# AVAILABLE DATA:
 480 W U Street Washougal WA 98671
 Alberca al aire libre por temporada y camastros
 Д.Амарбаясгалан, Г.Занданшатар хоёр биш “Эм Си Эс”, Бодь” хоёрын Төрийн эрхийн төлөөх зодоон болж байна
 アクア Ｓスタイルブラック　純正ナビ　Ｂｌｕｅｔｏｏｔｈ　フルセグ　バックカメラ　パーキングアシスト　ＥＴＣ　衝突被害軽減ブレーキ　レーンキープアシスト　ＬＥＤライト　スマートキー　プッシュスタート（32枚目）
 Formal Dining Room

---

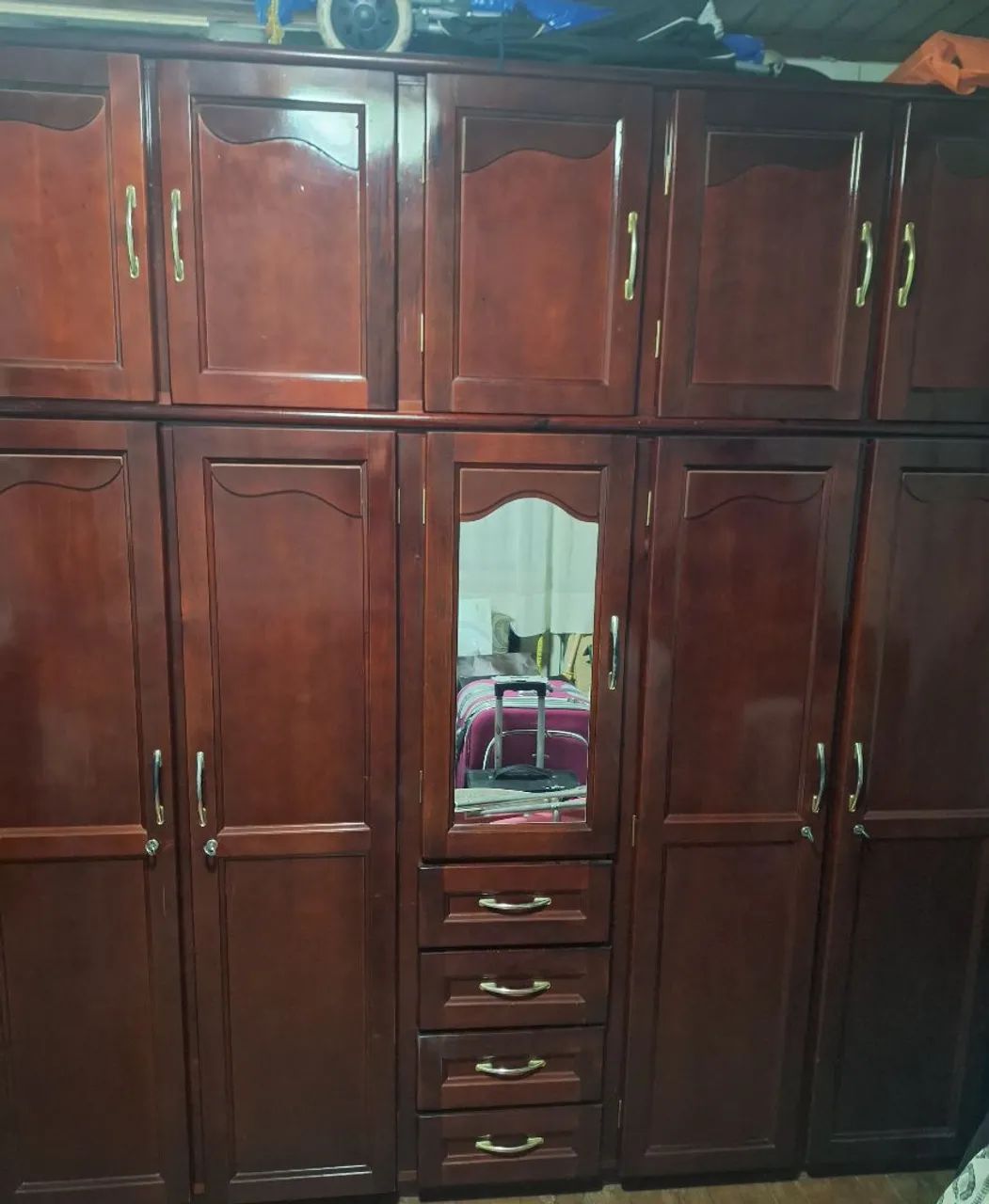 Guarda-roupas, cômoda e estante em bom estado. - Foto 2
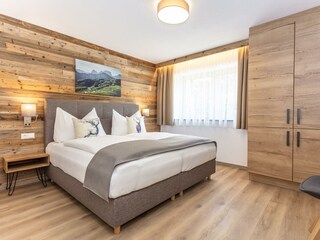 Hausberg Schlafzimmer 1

# ACTIVITY:
In the records above, find the line with "Д.Амарбаясгалан, Г.Занданшатар хоёр"; write out exactly that line and each one after it, stopping after the line with "Formal Dining Room".

# EXERCISE RESULT:
 Д.Амарбаясгалан, Г.Занданшатар хоёр биш “Эм Си Эс”, Бодь” хоёрын Төрийн эрхийн төлөөх зодоон болж байна
 アクア Ｓスタイルブラック　純正ナビ　Ｂｌｕｅｔｏｏｔｈ　フルセグ　バックカメラ　パーキングアシスト　ＥＴＣ　衝突被害軽減ブレーキ　レーンキープアシスト　ＬＥＤライト　スマートキー　プッシュスタート（32枚目）
 Formal Dining Room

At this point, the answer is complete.